Map between Zariski tangent spaces(?) Let $f:X\to Y$ be a morphism of schems, and $x\mapsto y:=f(x)$. Then we have a canonical map $\Phi:T_{X,x}\to T_{Y,y}\otimes_{k(y)}k(x)$ where $T_{X,x}:=\left( \mathfrak{m}_x/\mathfrak{m}_x^2\right)^{\vee}$(dual space) and $k(x)$ is the residue field at $x$. But I cannot imagine what this 'canonical' map is.
I guess for a given map $\sigma:\mathfrak{m}_x/\mathfrak{m}_x^2\to k(x)$, we can define a map $\rho:\mathfrak{m}_y/\mathfrak{m}_y^2\otimes_{k(y)}k(x)\to \mathfrak{m}_x/\mathfrak{m}_x^2\otimes_{k(y)}k(x)\to k(x)\otimes_{k(y)}k(x)$ where the first arrow is canonical and the second arrow is $\sigma \otimes \textrm{Id}_{k(x)}$. Then maybe $\Phi(\sigma)=\rho$.
Is this right?
 A: Well, using Hartshorne's notation, we have a map $f_x^\#:\mathcal{O}_{Y,y}\to\mathcal{O}_{X,x}$ that restricts and descends to a map $f_x^\#:{\frak{m}}_y/{\frak{m}}_y^2\to {\frak{m}}_x/{\frak{m}}_x^2$ (since $(f_x^\#)^{-1}({\frak{m}}_x)={\frak{m}}_y$).
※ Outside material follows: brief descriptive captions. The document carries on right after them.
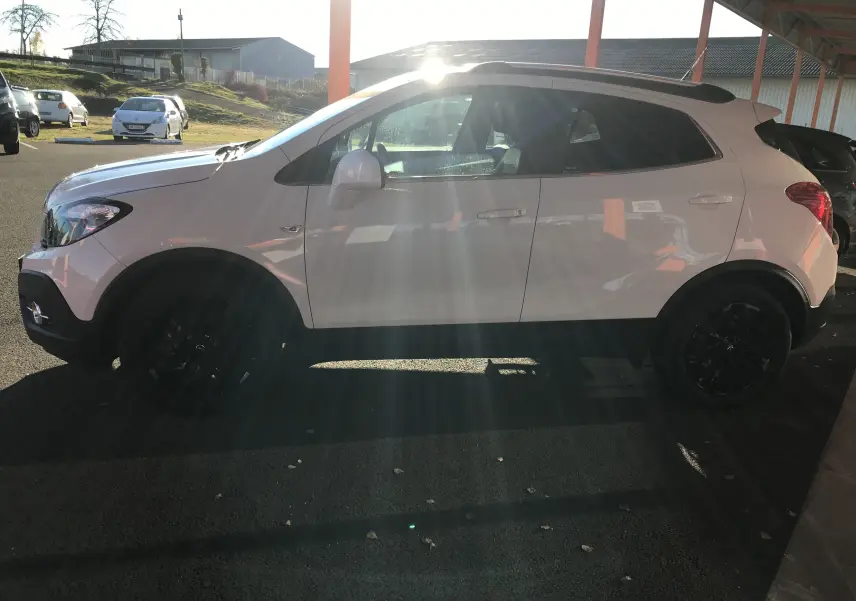 Opel Mokka blanc vue de profil côté gauche, avec jantes noires et toit ouvrant sous un abri.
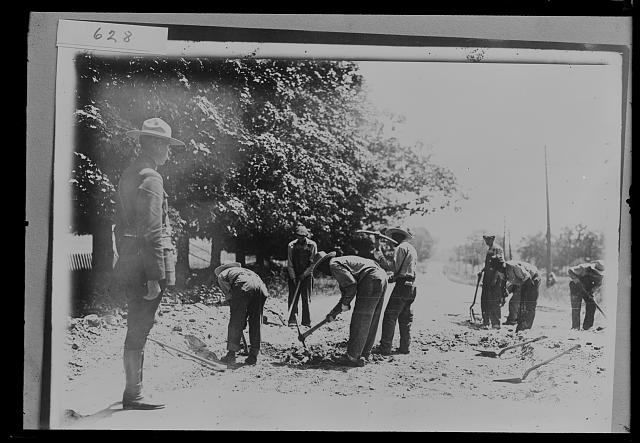[Highway construction crew, probably Michigan State Highway Dept., digging, Michigan]
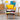 Velvet wingback armchair with yellow cushion and patchwork back, plus footstool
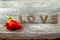 Four rustic alphabet blocks spelling out Love with red rose on wood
By pulling back, we get a map
$$T_{X,x}=\mbox{Hom}_{k(x)}({\frak{m}}_x/{\frak{m}}_x^2,k(x))\to\mbox{Hom}_{k(y)}({\frak{m}}_y/{\frak{m}}_y^2,k(x))\simeq\mbox{Hom}_{k(y)}({\frak{m}}_y/{\frak{m}}_y^2,k(y))\otimes k(x)$$
where $k(y)$ acts on $k(x)$ by $f_x^\#$. This last $k(x)$-vector space is then $T_{Y,y}\otimes k(x)$.
Edit As Georges points out below, this last isomorphism works whenever $k(x)$ is a finite extension of $k(y)$.
A: Some details for $\text{Hom}_L(V,L)\otimes_L K\simeq\text{Hom}_L(V,K)$:


*

*The mapping is $\varphi\otimes\alpha\mapsto\alpha\varphi$

*Injectivity: if $\varphi_1,\ldots,\varphi_k$ free in $\text{Hom}_L(V,L)$ and $\alpha_1,\ldots,\alpha_n$ free in $K$ (over $L$) then $\alpha_j\varphi_i$ free: taking $\lambda_{i,j}\in L$ with $\sum\lambda_{(i,j)}\alpha_j\varphi_i=0$ the for each $v\in V$ we have $\sum\lambda_{(i,j)}\alpha_j\varphi_i(b)=0$ (relation in $k$) hence by freeness of the $\alpha_j$ this gives for each $j$ $\sum_i \lambda_{(i,j)}\varphi_i(b)=0$. We then have for each $j$ \sum_i\lamda_{(i,j)}\varphi_i=0 so by freeness of the $\varphi_i$ we conclude that for each $(i,j)$ we have $\lambda_{(i,j)}=0$

*Surjectivity (using $K/L$ finite): by dimensions: $\text{dim}_L(\text{Hom}_L(V,K))=\text{dim}_L(V)\times\text{dim}_L(K)$ and it's the same for the tensorial product.